__TASK DIRECTIONS__
Could you retype the lines below, starting at the line holding "This file photo" and stopping at the line holding "Photo of Pediatrics", inclusive? Copy them exactly and drop the images.

__DATASET EXTRACT__
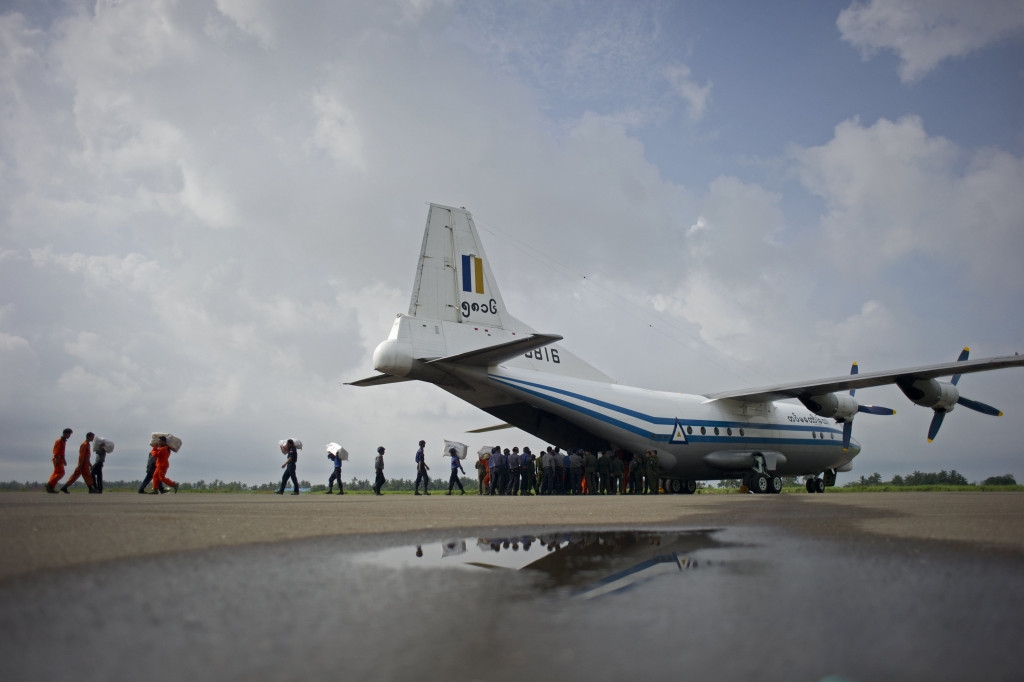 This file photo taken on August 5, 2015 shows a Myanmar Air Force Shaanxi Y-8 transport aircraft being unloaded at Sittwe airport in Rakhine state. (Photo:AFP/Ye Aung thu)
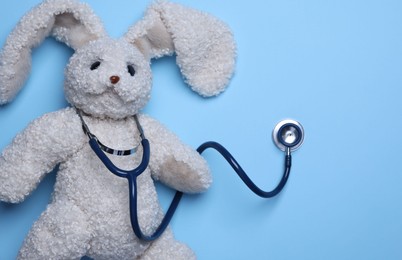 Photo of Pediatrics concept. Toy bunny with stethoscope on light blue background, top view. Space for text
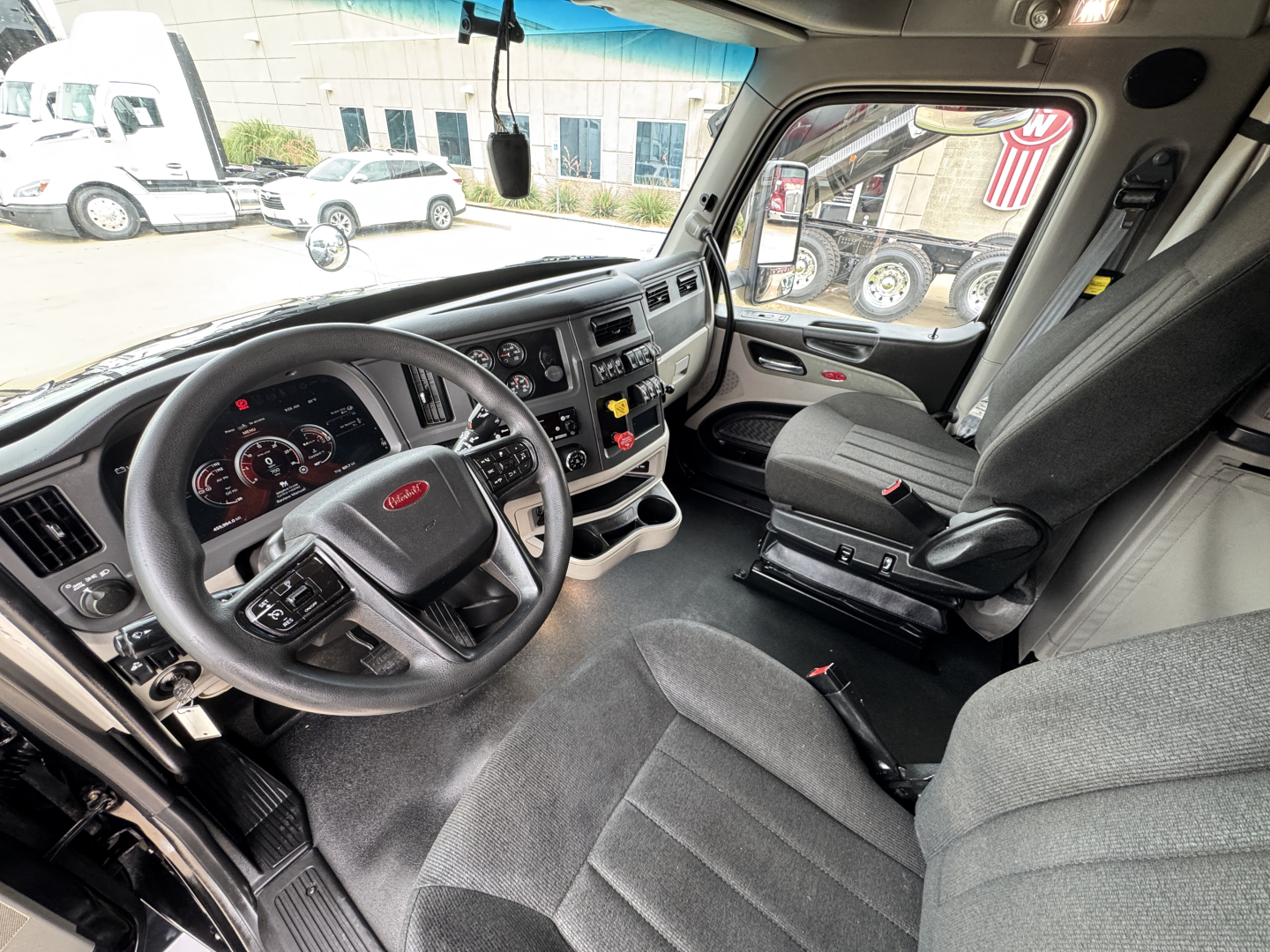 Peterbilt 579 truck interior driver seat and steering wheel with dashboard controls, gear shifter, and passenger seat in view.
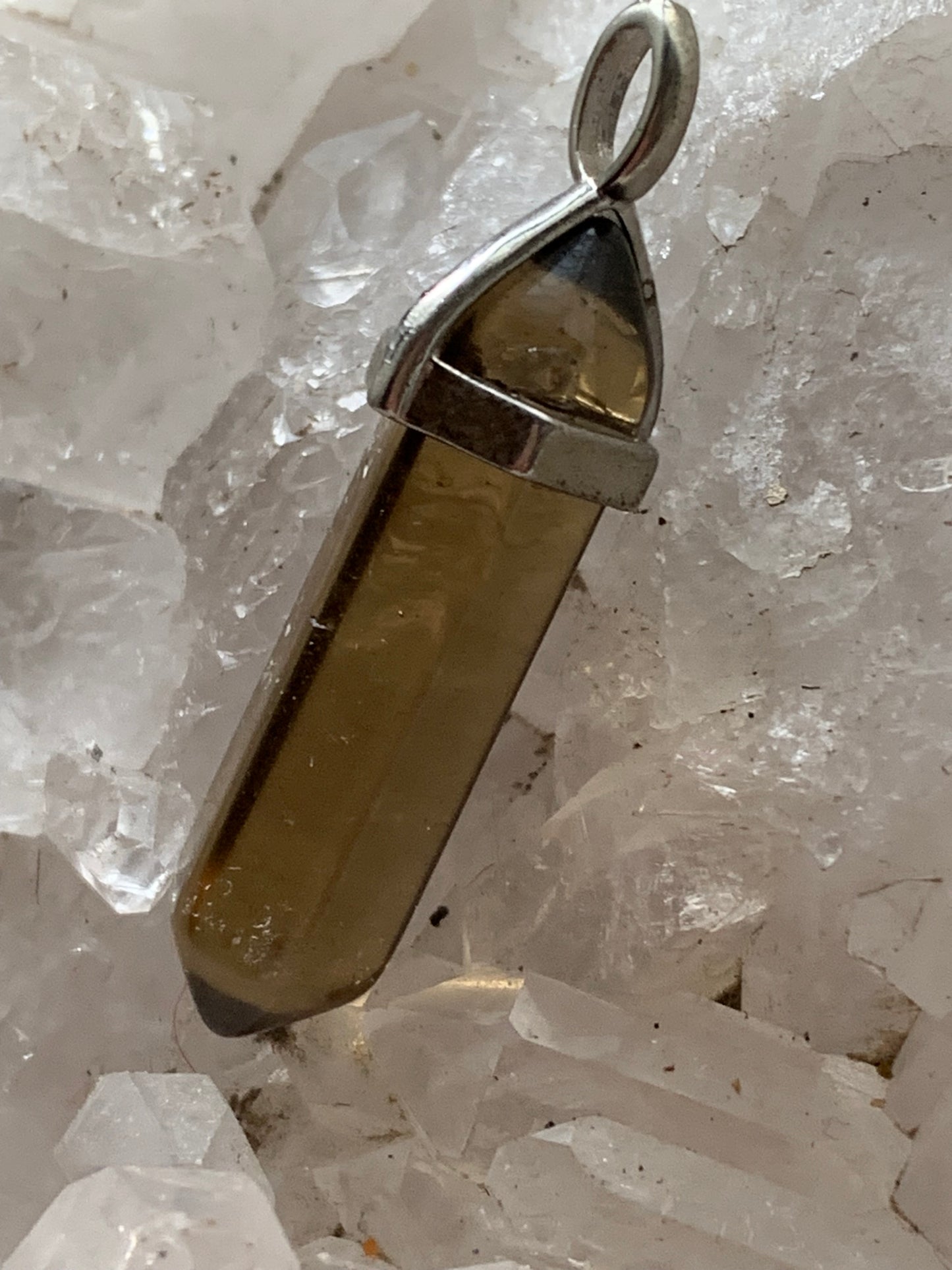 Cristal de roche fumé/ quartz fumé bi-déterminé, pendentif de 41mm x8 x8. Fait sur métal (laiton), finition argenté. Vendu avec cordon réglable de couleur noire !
...
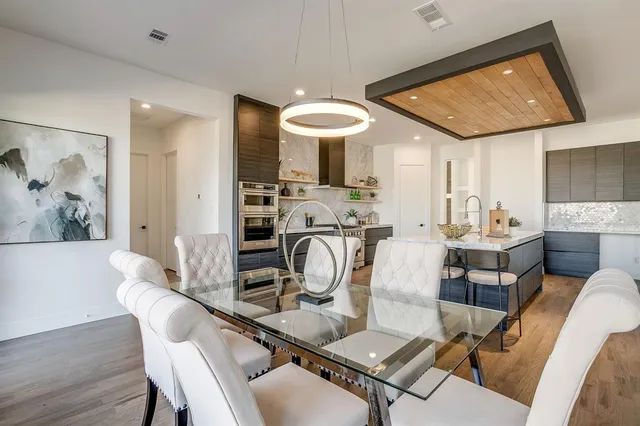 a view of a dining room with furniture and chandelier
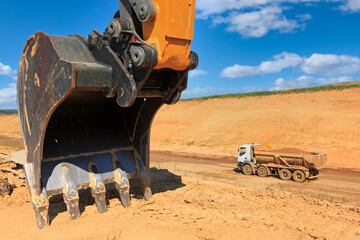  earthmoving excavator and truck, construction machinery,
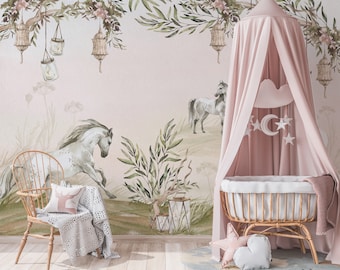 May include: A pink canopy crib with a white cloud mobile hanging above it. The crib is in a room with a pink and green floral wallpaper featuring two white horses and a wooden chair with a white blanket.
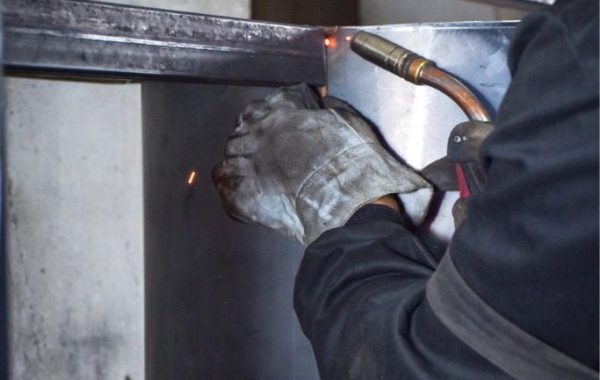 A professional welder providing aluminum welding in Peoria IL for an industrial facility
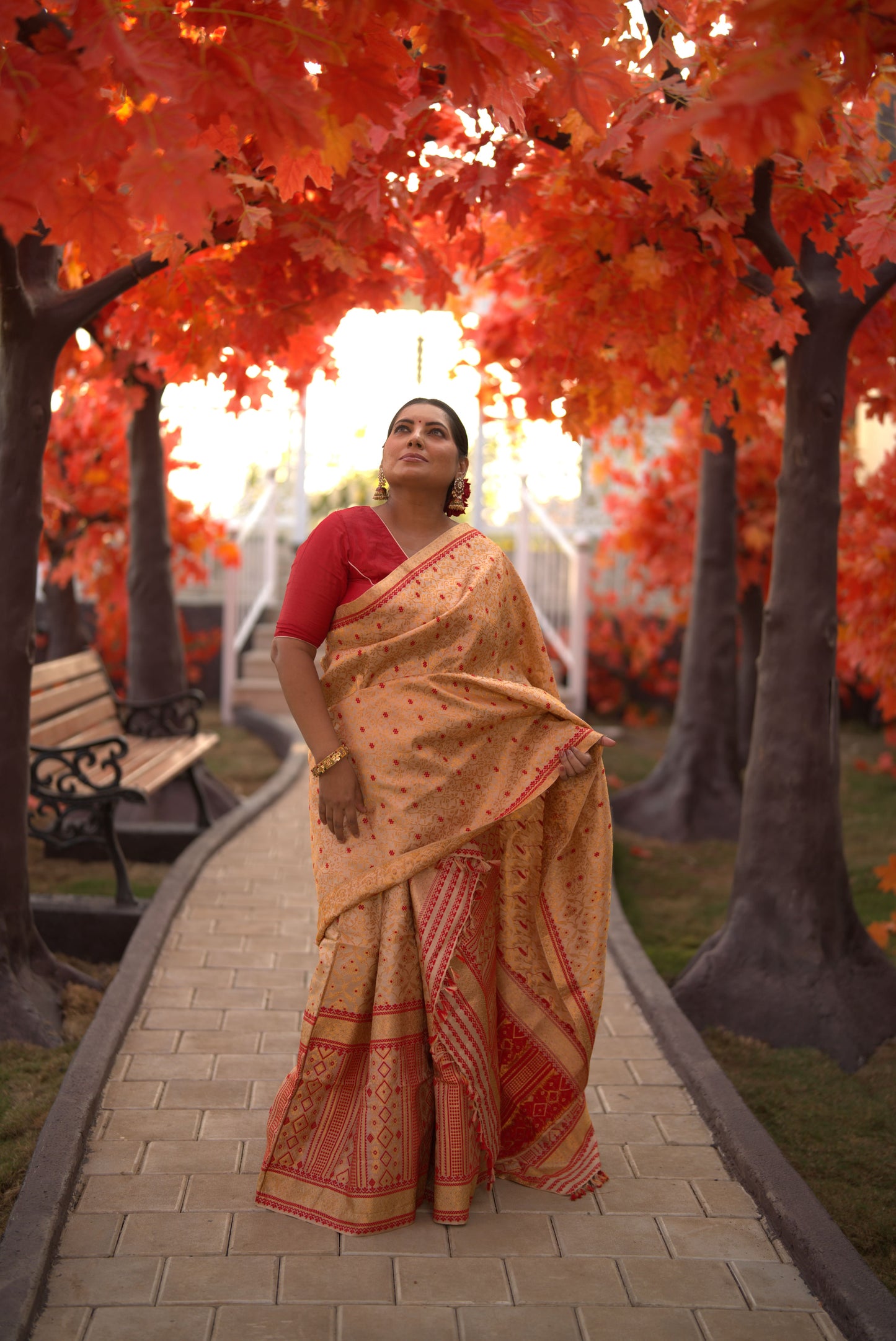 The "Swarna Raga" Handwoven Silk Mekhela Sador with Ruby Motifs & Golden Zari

__ANSWER BOX__
 This file photo taken on August 5, 2015 shows a Myanmar Air Force Shaanxi Y-8 transport aircraft being unloaded at Sittwe airport in Rakhine state. (Photo:AFP/Ye Aung thu)
 Photo of Pediatrics concept. Toy bunny with stethoscope on light blue background, top view. Space for text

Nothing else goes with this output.